Strange Days

緊急地震速報に振り回されて、"予防原則"なるものを考える

2013年08月08日(木曜日) 21時44分 暮らし , 思考 天気:くもり

 夕刻、自席でExcelを、眉根を寄せながら睨んでいた時だった。
 突然、聞き覚えのある、しかし咄嗟になんだったかを思い出せないアラームが、職場のあちこちから鳴り出したのだ。そもそも、我がauケータイ2台も、それぞれに鳴り出している。これは、あれか、緊急地震速報。
 G'zを取り出して、文面を眺めると、奈良で震度7の予報だ。ええっ、エライことだ。
 騒然とする職場。しかし、奈良と中途半端に遠い場所の警報なので、一様に戸惑いを隠せない。
 数秒が経った。地面はピクリとも揺れない。それでも、奈良は如何に。
 しかし、その後も全く揺れは来ない。その上、関西方面の情報がTwitter経由で確認でき、やはり揺れた気配はないと。

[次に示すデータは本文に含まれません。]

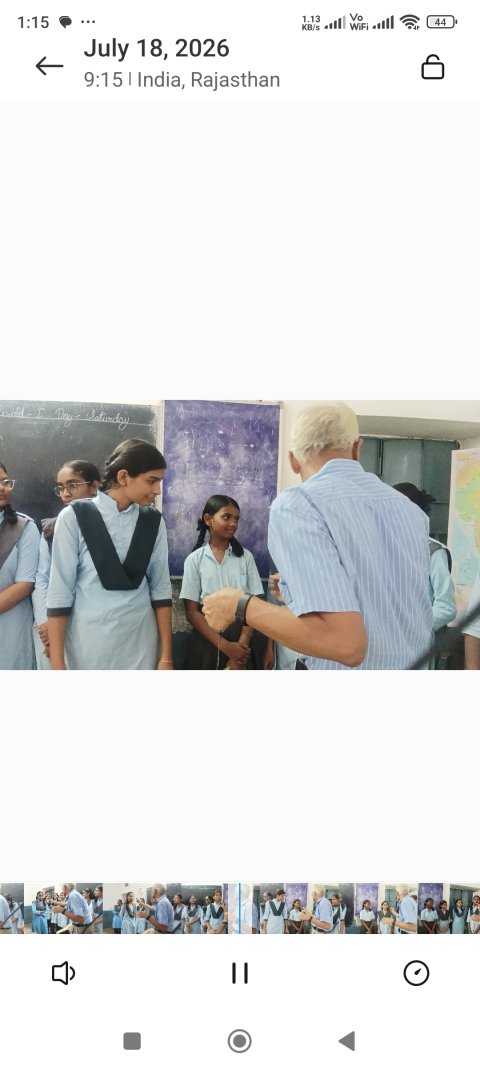 जल संरक्षण की अग्रदूत बनीं छात्राएँ, राजकीय बालिका विद्यालय आयड़ में बनाए गए "जल मॉनिटर"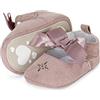 Sterntaler Fiocco per Ballerina, Mocassino Basso Bimba 0-24, Rosa Pallido, 20 EU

誤発報だったようだ。
 その後、気象庁が正式に誤通知を認めた。どうも、微弱な揺れを関西地方で検知し、同時に離れた三重沖では、地震計が不調で、それが偶然に『同時に起きた揺れ』として誤検出されてしまい、離れた場所で同時に揺れを検知→大地震だ、という判定が下ってしまったそうな。
 地震計の不調、アルゴリズムの不備はあるのだろうが、速報の性格上、過剰な通知になってしまう場合がありうるのは仕方ない。一箇所の強力な震源地と、複数の弱い震源地とを持つ地震を、それぞれに区別するのは、多分簡単ではないはずだ。誤通知はすぐに判明するのだし、逆に大地震時に通知されない場合を考えるならば、多少は過剰になってもやむをえないように思う。
 予防原則なるものは、このように真偽の判定が難しく、甚大な被害の存在が明らかであり、かつ直後には成否が明確になるような事象にのみ適用出来るのだと思う。福島第1原発事故の場合だと、その影響を過剰に言い立てるのは、その影響があまりに長期に、かつ甚大になり、影響が無い(偽)となった場合の回復が不可能になる。まあ、言い立てている人々は、回復させる気なんて無いのだろうが。そして低レベルの放射性物質に依る影響が、例えばタバコやディーゼル排気の影響に比べても低いものでしか無いのは、既に明らかなのだから、福島第1原発事故の影響範囲なんて、その周辺の高レベル放射性物質汚染域に限られるのも明らかだろう。だから、この場合には予防原則を言い立てて、過剰な影響をまくし立てるのは、害悪にしかならないのではないだろうか。